On 27 June 2018, the ATO released a draft updated version of Practical Compliance Guideline PCG 2017/1, its guidance on transfer pricing issues related to centralised operating hubs (PCG 2017/1DC).

PCG 2017/1 contains a hub risk assessment framework and one schedule covering offshore marketing hub arrangements. When PCG 2017/1 was first issued, the ATO indicated that it planned to add additional schedules over time.

The First Schedule deals with core products and the Second Schedule (still in draft form) deals with non-core goods and services. You can see this from para 173 of PCG 2017/1DC).

Draft Schedule 2 provides guidance on the transfer pricing risk associated with purchasing non-core goods and services from offshore procurements.

  • The ATO plans to assess non-core procurement hub arrangements as low risk (green zone) if the hub profit does not exceed a 25% mark-up on hub costs.
  • Taxpayers with a greater than 25% mark-up can move to the green zone if they have a 100% attribution percentage in relation to the non-core procurement hub (under Australia’s CFC rules) and include the income related to the procurement activities of the hub in their assessable income for Australian tax purposes.
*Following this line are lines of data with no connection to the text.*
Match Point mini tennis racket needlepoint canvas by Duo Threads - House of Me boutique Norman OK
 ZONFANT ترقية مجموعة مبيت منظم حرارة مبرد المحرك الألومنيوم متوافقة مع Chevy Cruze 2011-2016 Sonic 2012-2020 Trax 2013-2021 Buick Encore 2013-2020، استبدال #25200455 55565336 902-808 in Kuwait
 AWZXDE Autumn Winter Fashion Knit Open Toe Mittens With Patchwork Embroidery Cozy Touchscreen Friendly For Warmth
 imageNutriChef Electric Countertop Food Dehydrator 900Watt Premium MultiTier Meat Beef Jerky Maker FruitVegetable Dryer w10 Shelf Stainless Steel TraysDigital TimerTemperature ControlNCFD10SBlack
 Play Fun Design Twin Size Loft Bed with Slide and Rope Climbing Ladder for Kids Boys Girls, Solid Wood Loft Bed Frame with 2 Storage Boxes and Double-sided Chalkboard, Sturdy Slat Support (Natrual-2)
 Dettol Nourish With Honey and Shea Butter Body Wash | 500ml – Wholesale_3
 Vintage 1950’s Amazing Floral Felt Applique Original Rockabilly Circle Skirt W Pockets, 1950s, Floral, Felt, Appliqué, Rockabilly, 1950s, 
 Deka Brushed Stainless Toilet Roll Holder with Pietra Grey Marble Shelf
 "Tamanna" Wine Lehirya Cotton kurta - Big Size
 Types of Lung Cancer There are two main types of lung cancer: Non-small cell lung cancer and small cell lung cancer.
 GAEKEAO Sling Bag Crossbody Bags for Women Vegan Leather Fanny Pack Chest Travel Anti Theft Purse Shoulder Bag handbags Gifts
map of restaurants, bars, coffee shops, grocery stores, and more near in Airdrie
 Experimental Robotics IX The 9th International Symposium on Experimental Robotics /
PROPOSED DATE OF EFFECT: When finalised, Schedule 2 will apply to income tax years commencing on or after 1 January 2018.

COMMENTS on Draft Schedule 2 are due by 27 July 2018.

[ATO website: Advice Under Development [3902]; LTN 121, 27/6/18; Tax Month – June 2018]

 

Study Questions (answers available)

  1. Is PCG 2017/1 about assessing audit risk for ‘procurement’ hubs (in traffic light format: green, orange, red)?
  2. Is the First Schedule about procurement of ‘core’ goods?
  3. Is the Draft Second Schedule about ‘non-core’ goods?
  4. Is the only way to be assessed as in the ‘green zone’ having a mark up of no more than 25%?